> [Prompt]: Would you return the data exactly as given, except for its pictures?

> [Given information]:
* * * * * * *

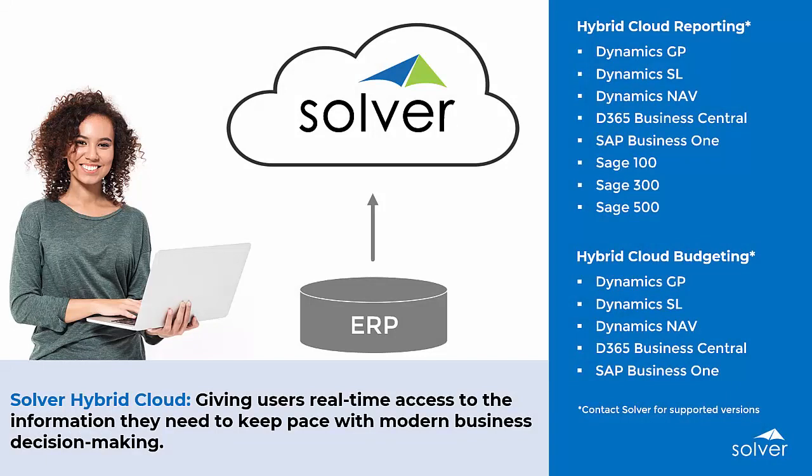Solver's hybrid cloud connectors are a unique and powerful part of Solver's complete corporate performance management solution, providing real-time access to the information needed to keep pace with modern business decision-making.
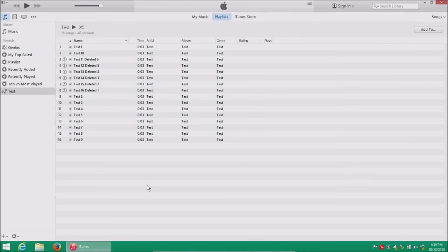Welcome to this video that will show you how to delete missing music or deleted music in your iTunes library, the easy way, instead of going one by one.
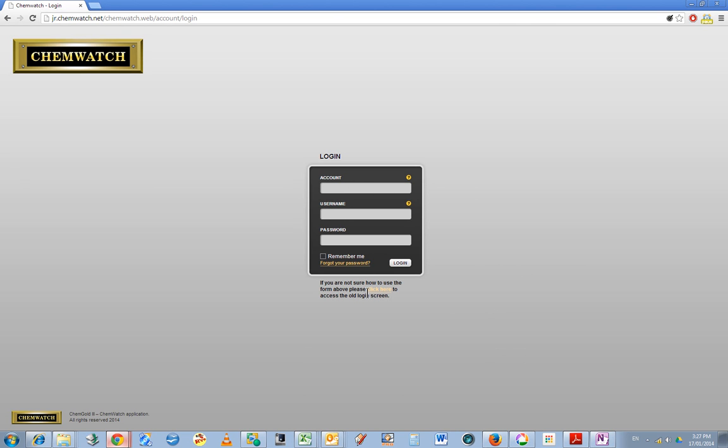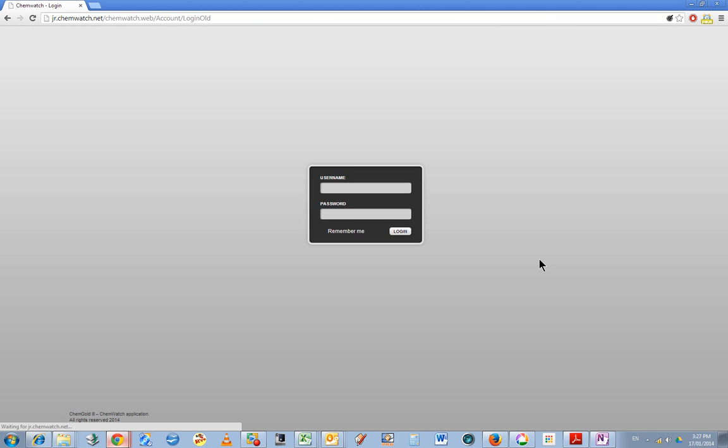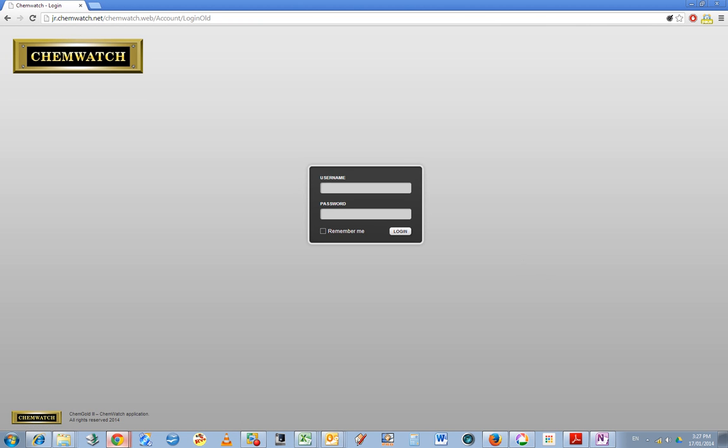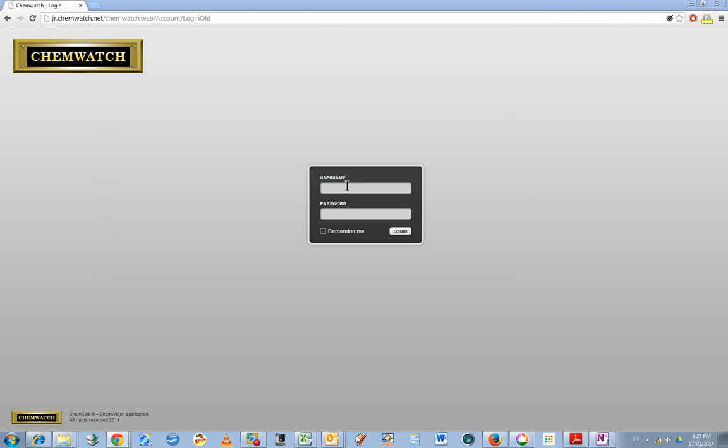If you click here if you're not sure how to use this form, you can go to the old login screen. Basically the information you put in that login screen is exactly the same as what you would put in the new login screen, which I will do now without showing on the video.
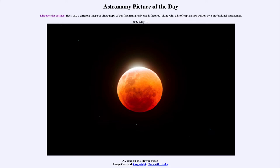It is titled 'A Jewel on the Flower Moon.' So what do we see here? This is an image from the total lunar eclipse that occurred a few days ago. That occurs when our moon passes into Earth's shadow, and because of that, the light from the sun that normally illuminates the moon is blocked out and the moon would then disappear from sight for a while.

* * * * * * *

> [Expected answer]:
Solver's hybrid cloud connectors are a unique and powerful part of Solver's complete corporate performance management solution, providing real-time access to the information needed to keep pace with modern business decision-making.
Welcome to this video that will show you how to delete missing music or deleted music in your iTunes library, the easy way, instead of going one by one.
If you click here if you're not sure how to use this form, you can go to the old login screen. Basically the information you put in that login screen is exactly the same as what you would put in the new login screen, which I will do now without showing on the video.
It is titled 'A Jewel on the Flower Moon.' So what do we see here? This is an image from the total lunar eclipse that occurred a few days ago. That occurs when our moon passes into Earth's shadow, and because of that, the light from the sun that normally illuminates the moon is blocked out and the moon would then disappear from sight for a while.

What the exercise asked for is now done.